From 2004 to 2013, about 11 officers were killed on average each year in ambushes. While those numbers dropped in 2014, the premeditated attacks began to rise.

The first came that June in Nevada, and it involved a white couple, Jerad and Amanda Miller, who had migrated to Las Vegas from Indiana to start a new life. He was a convicted drug dealer and car thief, disowned by his family, unable to get a job. She was nine years younger, 22, and came to buy his extremist antigovernment beliefs, much to the dismay of her parents.

They joined the movement to support Nevada rancher Cliven Bundy, who had become locked in conflict with the federal government over grazing rights.

Jerad Miller began to write about the need to fight a “tyrant’s wrath,” and Amanda watched radical videos with titles such as “When is it OK to Shoot a Cop?”

His views came from an entirely different political constellation than the African American anger of Monfort, Johnson and Long, and yet they drew a bead on the same target.

On June 8, 2014, the Millers walked into a pizzeria in east Las Vegas and shot two police officers to death.
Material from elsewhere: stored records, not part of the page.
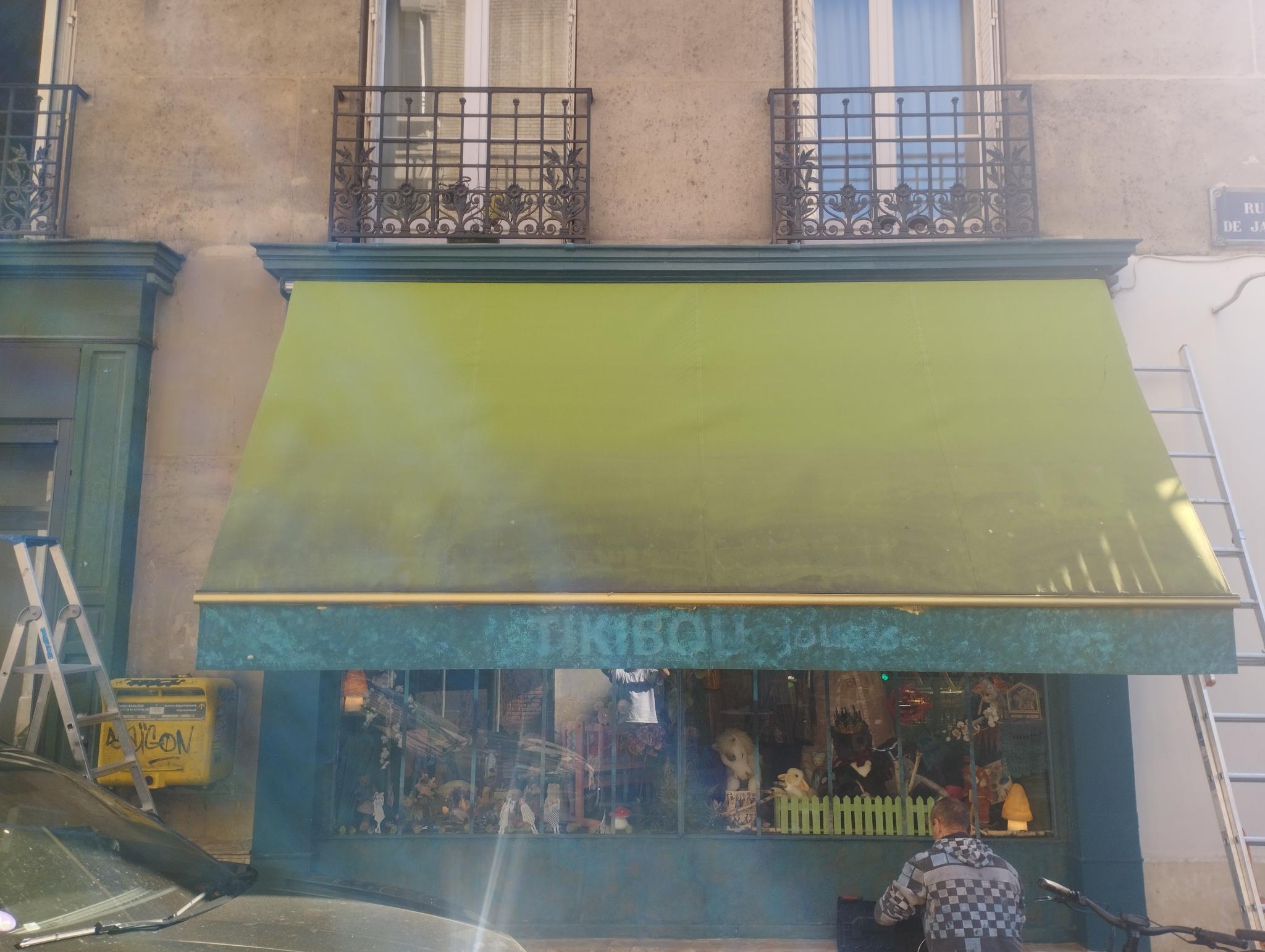 store,extérieur,nettoyage,réparation,rentoilage,toile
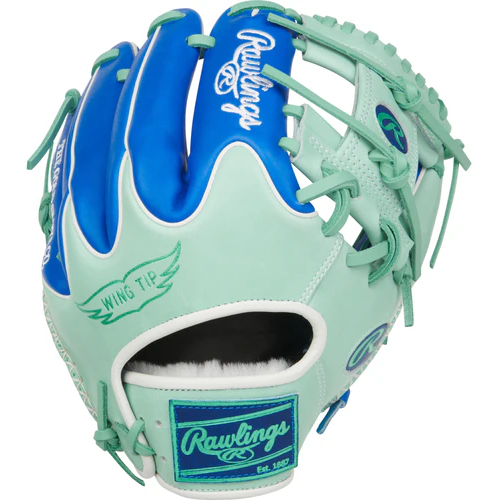 A photo of the Rawlings Pro Preferred 11.5" Baseball Glove in colour mint and blue.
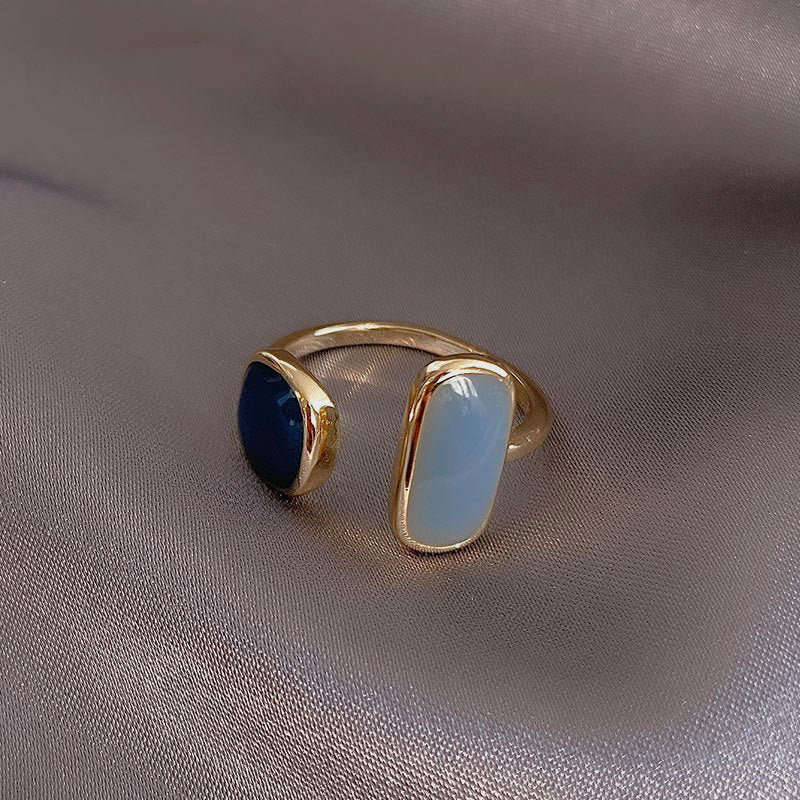 18K Gold Aquamarine Ring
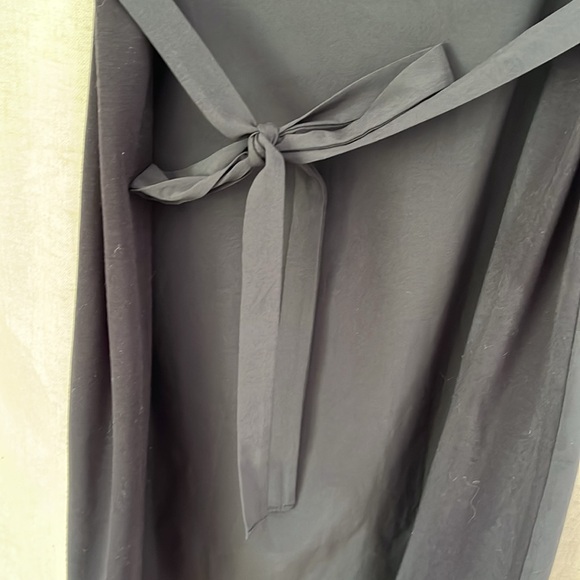 Black Sleeveless quick dry Dress - Picture 5 of 5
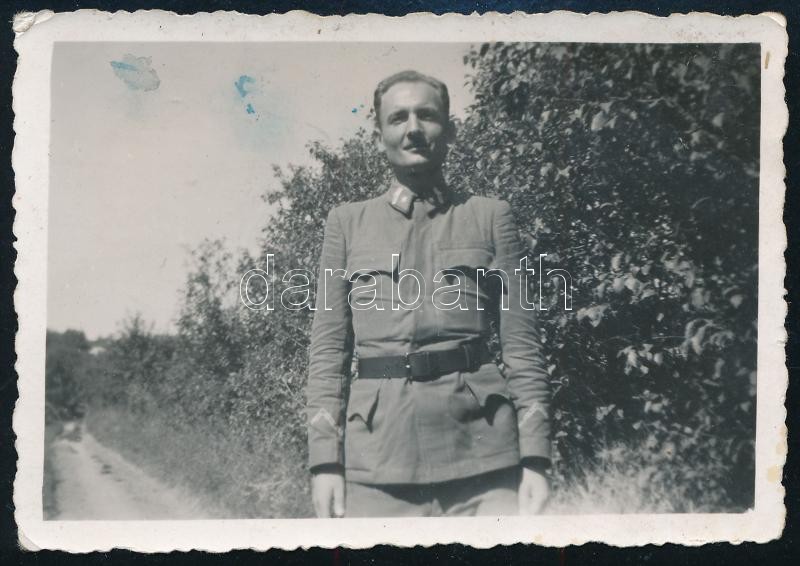 1944. november 21. Budapesti Karhatalmi Század katonai igazolványa és fotó a katonáról - Image 2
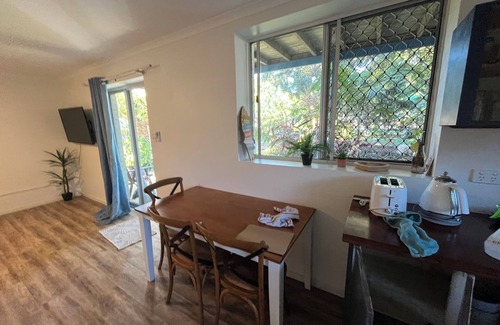 Brunswick Heads Apartment | Bruns Garden Apartment ~ Spacious | Close to the Beach ~ * Monthly Discounts *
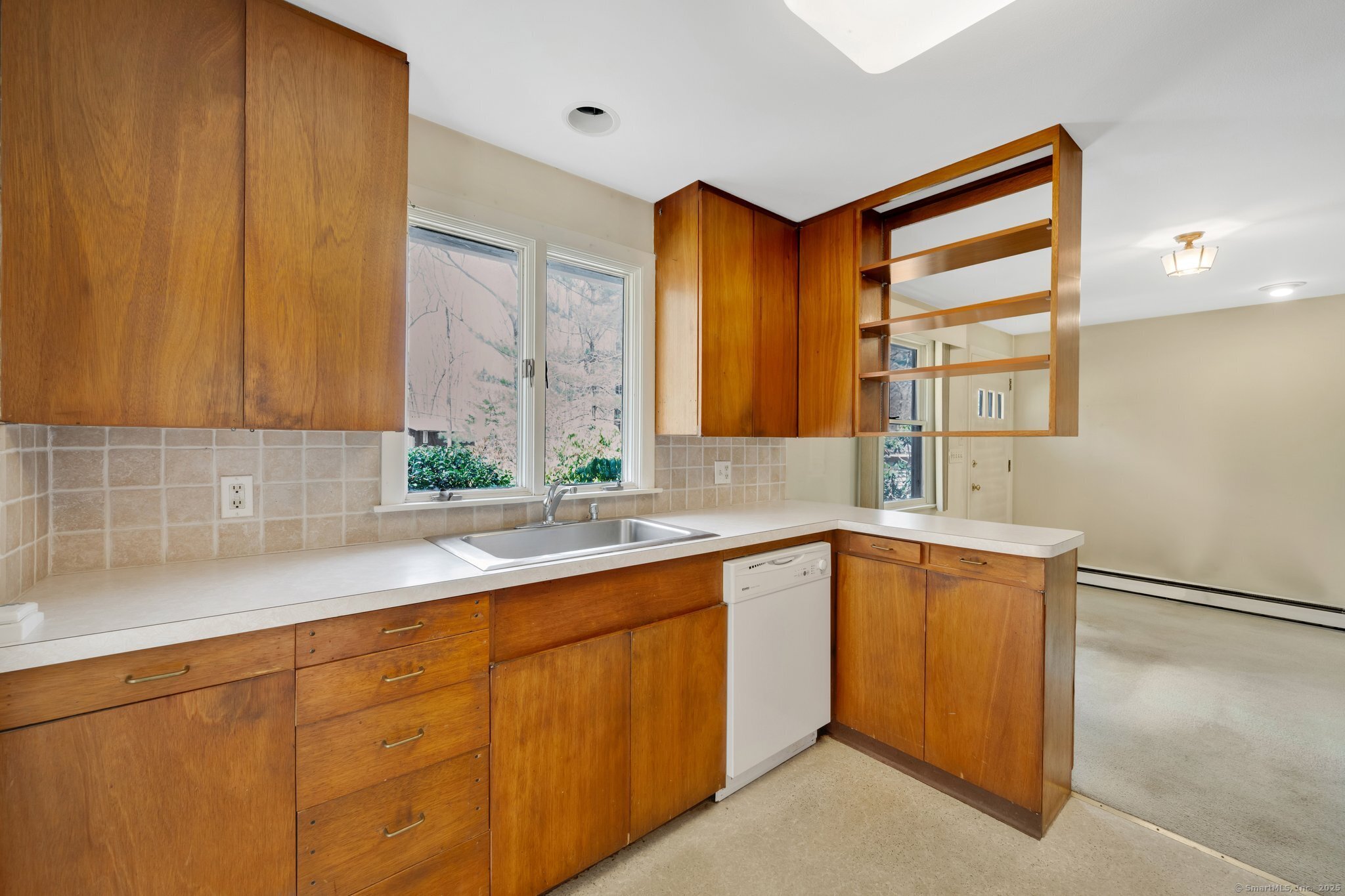 21 Red Oak Hill Road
The couple fled to a nearby Wal-Mart, where they shot another man, and were killed themselves as police closed in.

Next hit was Pennsylvania, in the Pocono Mountains two months later. A state trooper stepped out the door of his station and was struck fatally by a .308-caliber rifle shot from the surrounding woods. A second trooper walking in from the parking lot was hit next and managed to crawl to safety inside.

Pennsylvania police launched one of the largest manhunts in state history for the suspect, Eric Frein, a white survivalist and self-trained sniper who had an obsession with the Serbian army and paramilitary groups.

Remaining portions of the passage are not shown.